The development of fields located in the Colombian Foothills face important challenges related to fluid compositional character, highly heterogeneous and stressed tectonic environments. Complex and high cost operations make well productivity maximization a key component for an optimal reservoir management strategy. Based on this high risk scenario and on the uncertainties related to complex geological heterogeneities, a coupled simulation excercise has been performed in order to estimate the best engineering solution that allows completing and producing future wells under the optimal scenario of initial and sustained productivity, operational flexibility and mitigation of investment risk. The study herein presented includes a complete sensitivity analysis and uncertainty assessment of four different well completion schemes for production: a single vertical well, a vertical hydraulically fractured well and two multilateral wells, one with one producing branch and other with two producing branches.
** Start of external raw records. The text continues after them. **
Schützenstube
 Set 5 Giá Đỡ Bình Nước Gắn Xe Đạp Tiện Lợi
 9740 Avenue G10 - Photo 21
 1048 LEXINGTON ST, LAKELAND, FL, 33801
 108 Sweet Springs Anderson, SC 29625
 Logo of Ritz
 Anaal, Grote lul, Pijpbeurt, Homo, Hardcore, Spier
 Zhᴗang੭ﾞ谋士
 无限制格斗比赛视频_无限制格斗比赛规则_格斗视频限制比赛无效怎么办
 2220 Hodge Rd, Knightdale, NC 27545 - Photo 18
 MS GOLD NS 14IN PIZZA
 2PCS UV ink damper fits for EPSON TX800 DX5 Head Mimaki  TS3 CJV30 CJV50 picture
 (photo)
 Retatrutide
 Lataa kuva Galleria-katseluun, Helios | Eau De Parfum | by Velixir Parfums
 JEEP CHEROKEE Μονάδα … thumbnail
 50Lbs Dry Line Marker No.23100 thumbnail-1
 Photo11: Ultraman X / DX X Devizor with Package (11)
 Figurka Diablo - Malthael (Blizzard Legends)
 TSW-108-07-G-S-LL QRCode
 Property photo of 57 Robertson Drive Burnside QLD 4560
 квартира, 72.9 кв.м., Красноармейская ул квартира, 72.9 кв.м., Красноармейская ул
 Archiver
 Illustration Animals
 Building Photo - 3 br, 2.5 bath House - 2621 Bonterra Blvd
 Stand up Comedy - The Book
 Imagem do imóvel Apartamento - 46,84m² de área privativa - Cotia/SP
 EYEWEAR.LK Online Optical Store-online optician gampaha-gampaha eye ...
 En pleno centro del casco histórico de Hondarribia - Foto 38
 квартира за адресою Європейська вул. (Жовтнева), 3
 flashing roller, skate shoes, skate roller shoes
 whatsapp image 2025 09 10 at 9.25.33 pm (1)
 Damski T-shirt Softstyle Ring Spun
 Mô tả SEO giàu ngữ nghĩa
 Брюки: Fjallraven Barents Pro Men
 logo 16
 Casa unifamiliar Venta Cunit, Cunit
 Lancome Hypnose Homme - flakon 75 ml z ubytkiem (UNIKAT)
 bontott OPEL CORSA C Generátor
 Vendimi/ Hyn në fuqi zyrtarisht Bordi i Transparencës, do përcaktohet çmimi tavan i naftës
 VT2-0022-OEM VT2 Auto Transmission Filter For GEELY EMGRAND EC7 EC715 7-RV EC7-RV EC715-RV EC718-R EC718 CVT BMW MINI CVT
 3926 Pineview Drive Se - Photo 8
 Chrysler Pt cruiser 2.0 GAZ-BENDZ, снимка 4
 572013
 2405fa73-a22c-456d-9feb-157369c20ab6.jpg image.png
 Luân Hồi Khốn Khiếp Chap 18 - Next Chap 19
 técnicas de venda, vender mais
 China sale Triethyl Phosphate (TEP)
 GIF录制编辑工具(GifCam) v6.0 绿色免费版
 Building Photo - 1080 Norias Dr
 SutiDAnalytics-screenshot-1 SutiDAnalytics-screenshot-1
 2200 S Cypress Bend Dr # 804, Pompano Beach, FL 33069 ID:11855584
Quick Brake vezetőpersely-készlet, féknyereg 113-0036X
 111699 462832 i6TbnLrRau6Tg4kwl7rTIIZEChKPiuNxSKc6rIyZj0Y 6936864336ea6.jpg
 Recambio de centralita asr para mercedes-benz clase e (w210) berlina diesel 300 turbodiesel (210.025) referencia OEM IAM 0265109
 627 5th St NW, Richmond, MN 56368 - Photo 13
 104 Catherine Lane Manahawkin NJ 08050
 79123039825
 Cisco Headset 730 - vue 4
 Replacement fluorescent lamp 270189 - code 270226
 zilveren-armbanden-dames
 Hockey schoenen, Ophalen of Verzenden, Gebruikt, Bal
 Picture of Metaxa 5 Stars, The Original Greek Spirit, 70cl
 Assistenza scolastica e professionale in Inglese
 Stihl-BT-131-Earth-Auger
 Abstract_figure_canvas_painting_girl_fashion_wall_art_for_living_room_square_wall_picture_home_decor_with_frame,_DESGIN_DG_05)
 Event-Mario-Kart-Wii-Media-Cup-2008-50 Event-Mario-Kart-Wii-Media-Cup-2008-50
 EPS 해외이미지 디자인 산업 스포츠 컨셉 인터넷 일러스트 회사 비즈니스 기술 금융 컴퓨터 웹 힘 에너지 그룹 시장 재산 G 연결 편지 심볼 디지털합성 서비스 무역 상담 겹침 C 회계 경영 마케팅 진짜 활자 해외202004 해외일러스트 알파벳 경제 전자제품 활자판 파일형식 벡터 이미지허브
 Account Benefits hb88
In all cases, a non-linear hypoelastic constitutive model was fully coupled to the reservoir simulator and permeability changes were included based on its dependence on the mean effective stress. Results suggests that geomechanics effects can lead to significant variations in final recovery depending on completion scheme. This input becomes now critical for final well designs specially in naturally fractured - highly anisotropic zones in which conventional approaches have led to rapid water encroachment and/or near wellbore permeability reduction due to increased effective stress.